Kadri Çelik = İki topluluğun karşılaştığı gün şeytan, bazı yaptıklarından ötürü içinizden yüz çevirenlerin ayaklarını kaydırmıştı. Allah, şüphesiz onları affetti. Gerçekten Allah bağışlayandır, hilim sahibidir.
Muhammed Esed = İki ordunun savaş alanında karşılaştığı gün (görevlerinden) kaçanlara gelince; Şeytan, onları (bizzat) kendi yaptıklarıyla tökezletti. Ama şimdi, Allah onların günahlarını sildi. Doğrusu Allah çok affedicidir, halimdir.
Mustafa İslamoğlu = İki ordunun karşılaştığı gün, içinizden kaçanlara gelince: birtakım eylemleri sebebiyle şeytan onların ayağını kaydırdı. Fakat (şimdi) Allah onların günahlarını sildi: çünkü Allah tarifsiz bir bağışlayandır, acele cezalandırmayandır.
Ömer Nasuhi Bilmen = Şüphe yok ki, iki ordunun karşılaştığı gün sizden geri dönenler yok mu, onların ayaklarını bazı kazanmış oldukları kusurları sebebiyle şeytan kaydırmak istemiştir. Ve mamafih Allah Teâlâ onları muhakkak affetmiştir. Şüphe yok ki Allah Teâlâ gafûrdur, halîmdir.
Ömer Öngüt = İki ordu karşılaştığı gün içinizden geri dönenleri şeytan, sırf işledikleri bazı şeyler yüzünden yoldan çıkarmak istemişti. Yine de Allah onları bağışladı. Çünkü Allah çok bağışlayandır, Halîm olandır.
Şaban Piriş = İki topluluğun karşılaştığı gün, içinizden geri dönenler işledikleri bazı hataları yüzünden şeytan onların ayağını kaydırmak istedi. Yine de Allah, onları affetti. Allah, çok bağışlayıcı ve çok şefkatlidir.
Sadık Türkmen = Iki topluluğun karşılaştığı gün, içinizden yüz çevirip kaçanları, şeytan ancak yaptıkları bazı hatalardan dolayı, yoldan kaydırmak istemişti. Ama yine de Allah onları affetti. Kuşkusuz Allah çok bağışlayandır, Halim’dir (hemen cezalandırmaz, süre tanıyandır).

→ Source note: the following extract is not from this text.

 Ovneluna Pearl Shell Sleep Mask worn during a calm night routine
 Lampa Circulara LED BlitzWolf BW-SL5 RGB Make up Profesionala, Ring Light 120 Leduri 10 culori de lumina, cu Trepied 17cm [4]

Seyyid Kutub = İki topluluğun karşılaştığı gün savaştan geri dönenlerinizi şeytan bazı günahkar duyguları yüzünden ayartmaya girişmişti. Ama Allah onları yine de affetti. Hiç kuşkusuz Allah affedici ve halimdir.
Suat Yıldırım = İki ordunun karşılaştığı gün içinizden arkasına dönüp kaçanlar var ya, işte onları, işlemiş oldukları birtakım hataları sebebiyle şeytan kaydırmak istemişti. Allah yine de onları affetti. Çünkü Allah gafurdur, halimdir (çok affedici ve müsamahalıdır).
Süleyman Ateş = İki topluluğun karşılaştığı gün, içinizden yüz çevirip gidenleri, yaptıkları bazı işlerden dolayı şeytân, (yoldan) kaydırmak istemişti. Ama yine de Allâh, onları affetti. Şüphesiz Allâh, çok bağışlayandır, halimdir.
Tefhim-ul Kuran = İki topluluğun karşı karşıya geldikleri gün, sizden geri dönenleri, kazandıkları bazı şeyler dolayısıyla şeytan onların ayağını kaydırmak istemişti. Ama andolsun ki, Allah onları affetti. Şüphesiz Allah, bağışlayandır, yumuşak olandır.
Ümit Şimşek = İki ordunun karşılaştığı gün geri dönüp kaçanlarınızı, kazandıkları birtakım günahlar sebebiyle şeytan yanıltmak istemişti. Allah ise onların kusurlarını bağışladı. Gerçekten de Allah çok bağışlayıcı ve müsamahalıdır.
Yaşar Nuri Öztürk = İki topluluğun karşılaştığı gün geri dönüp gidenleriniz var ya, yaptıkları bazı işler yüzünden şeytan onların ayağını kaydırmak istemişti. Andolsun, Allah onları yine de affetti. Allah Gafûr'dur, Halîm'dir.
İskender Ali Mihr = Muhakkak ki, iki topluluğun karşılaştığı gün, içinizden bir kısmı yüz çevirdi, oysa şeytan, kazandıkları bazı şeylerden dolayı (Resûlün emrine itaat etmemek, ganimete koşmak gibi), onları zillete düşürmek istedi. Ve and olsun ki, Allah onları affetti. Muhakkak ki Allah Gafûr’dur, Halîm’dir.
İlyas Yorulmaz = Savaşan iki topluluğun karşı karşıya geldiği gün, sizin içinizden geri dönenleri, şeytan geride bıraktıklarıyla aldatmış, buna rağmen Allah onların hatalarını affetmiştir. Allah bağışlayıcı ve kullarına hoş davranandır.